Como assim, “acontece”? Torço para um clube que, desde que me entendo por gente, é uma esculhambação institucionalizada e, em quase cinco décadas acompanhando seus jogos, só o vi perder por seis gols de diferença uma vez, para o Botafogo, há mais de quarenta anos. Estou falando do Flamengo, com todas as suas naturais limitações. Numa seleção brasileira, o treinador escolhe os jogadores que quiser, para montar o time do jeito que gosta e com todas as variações táticas que julga adequadas.
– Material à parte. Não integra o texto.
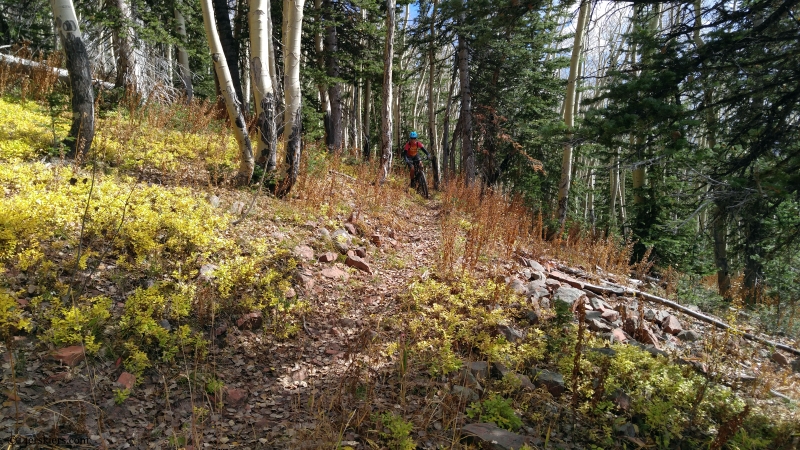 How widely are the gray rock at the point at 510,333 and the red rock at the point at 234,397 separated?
2401 millimetres

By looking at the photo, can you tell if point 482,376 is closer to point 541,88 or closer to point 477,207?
point 477,207

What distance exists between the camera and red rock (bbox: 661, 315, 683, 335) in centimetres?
502

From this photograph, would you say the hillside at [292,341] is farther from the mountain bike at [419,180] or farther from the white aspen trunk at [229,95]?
the mountain bike at [419,180]

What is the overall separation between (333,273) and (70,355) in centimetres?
257

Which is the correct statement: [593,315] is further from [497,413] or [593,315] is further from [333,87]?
[333,87]

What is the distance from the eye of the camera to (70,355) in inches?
106

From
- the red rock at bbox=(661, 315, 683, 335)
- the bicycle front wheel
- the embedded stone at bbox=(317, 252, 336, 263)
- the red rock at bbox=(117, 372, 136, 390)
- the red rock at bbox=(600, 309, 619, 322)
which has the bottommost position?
the red rock at bbox=(661, 315, 683, 335)

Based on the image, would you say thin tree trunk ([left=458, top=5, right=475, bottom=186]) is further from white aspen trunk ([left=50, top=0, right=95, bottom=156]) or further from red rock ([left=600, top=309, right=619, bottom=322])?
white aspen trunk ([left=50, top=0, right=95, bottom=156])

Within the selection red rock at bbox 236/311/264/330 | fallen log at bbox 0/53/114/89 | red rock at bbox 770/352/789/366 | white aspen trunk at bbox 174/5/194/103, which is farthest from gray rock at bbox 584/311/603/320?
white aspen trunk at bbox 174/5/194/103

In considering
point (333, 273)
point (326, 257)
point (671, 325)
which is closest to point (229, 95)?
point (326, 257)

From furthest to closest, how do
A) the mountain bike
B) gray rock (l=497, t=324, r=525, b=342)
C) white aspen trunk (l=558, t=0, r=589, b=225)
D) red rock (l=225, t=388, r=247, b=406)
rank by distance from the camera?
the mountain bike
white aspen trunk (l=558, t=0, r=589, b=225)
gray rock (l=497, t=324, r=525, b=342)
red rock (l=225, t=388, r=247, b=406)

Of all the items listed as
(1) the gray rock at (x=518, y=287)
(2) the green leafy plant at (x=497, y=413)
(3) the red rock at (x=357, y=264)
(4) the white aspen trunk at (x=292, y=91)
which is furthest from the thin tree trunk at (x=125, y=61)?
(2) the green leafy plant at (x=497, y=413)

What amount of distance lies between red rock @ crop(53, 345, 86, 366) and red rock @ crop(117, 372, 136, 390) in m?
0.30

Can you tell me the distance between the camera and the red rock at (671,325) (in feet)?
16.5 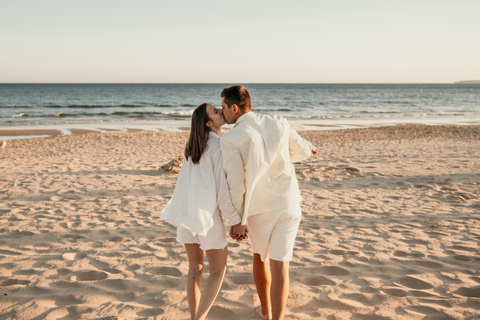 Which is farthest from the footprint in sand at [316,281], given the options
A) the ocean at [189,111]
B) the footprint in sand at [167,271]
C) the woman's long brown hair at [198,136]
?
the ocean at [189,111]

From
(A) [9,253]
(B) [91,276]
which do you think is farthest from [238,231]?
(A) [9,253]

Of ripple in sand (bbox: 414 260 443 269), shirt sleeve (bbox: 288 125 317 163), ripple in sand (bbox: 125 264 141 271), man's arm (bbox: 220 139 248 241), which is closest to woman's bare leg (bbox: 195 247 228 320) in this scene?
man's arm (bbox: 220 139 248 241)

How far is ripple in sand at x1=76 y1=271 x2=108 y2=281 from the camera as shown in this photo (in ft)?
10.9

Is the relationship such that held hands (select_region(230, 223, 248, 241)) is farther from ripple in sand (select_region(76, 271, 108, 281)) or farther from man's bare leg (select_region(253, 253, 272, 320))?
ripple in sand (select_region(76, 271, 108, 281))

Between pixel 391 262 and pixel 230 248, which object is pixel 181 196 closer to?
pixel 230 248

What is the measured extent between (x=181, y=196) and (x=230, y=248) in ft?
6.04

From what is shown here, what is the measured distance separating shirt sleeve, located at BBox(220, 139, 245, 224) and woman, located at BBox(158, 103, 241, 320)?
48 mm

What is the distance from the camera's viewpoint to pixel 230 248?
4.09 meters

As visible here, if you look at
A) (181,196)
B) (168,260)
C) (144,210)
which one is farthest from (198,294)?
(144,210)

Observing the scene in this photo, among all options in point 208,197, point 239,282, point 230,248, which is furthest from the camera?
point 230,248

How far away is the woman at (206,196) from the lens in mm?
2273

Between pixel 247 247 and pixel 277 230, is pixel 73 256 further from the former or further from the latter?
pixel 277 230

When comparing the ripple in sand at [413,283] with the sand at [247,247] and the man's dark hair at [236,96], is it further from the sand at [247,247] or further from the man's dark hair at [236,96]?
the man's dark hair at [236,96]

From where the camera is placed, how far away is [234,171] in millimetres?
2236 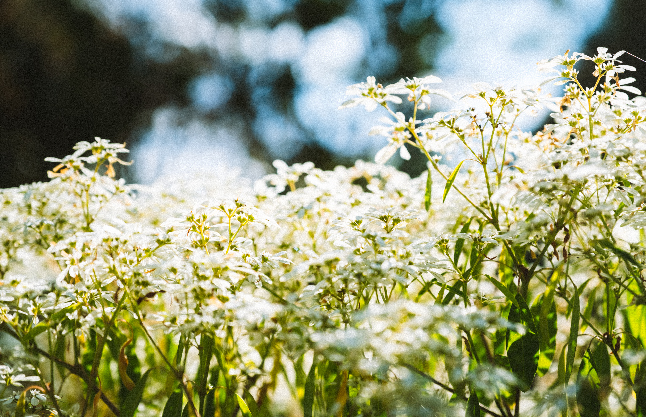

A última vez em que uma seleção brasileira verdadeiramente espetacular entrou em campo foi na Copa de 82. Só que ela perdeu, e a derrota trouxe consequências trágicas: a partir dali, ganhou corpo uma enorme estupidez denominada “futebol de resultados”, que não nos faz jogar um bom futebol e nem obter bons resultados.

Está na hora da forra. Se a derrota da seleção de 82 serviu para sustentar as teses do meio-campo que só marca, do extermínio do meia-armador, da glória dos chutões à frente e dos cruzamentos altos para a área, os inimagináveis e inadmissíveis sete a um de ontem precisam representar a morte deste ciclo obtuso do futebol brasileiro. Chega.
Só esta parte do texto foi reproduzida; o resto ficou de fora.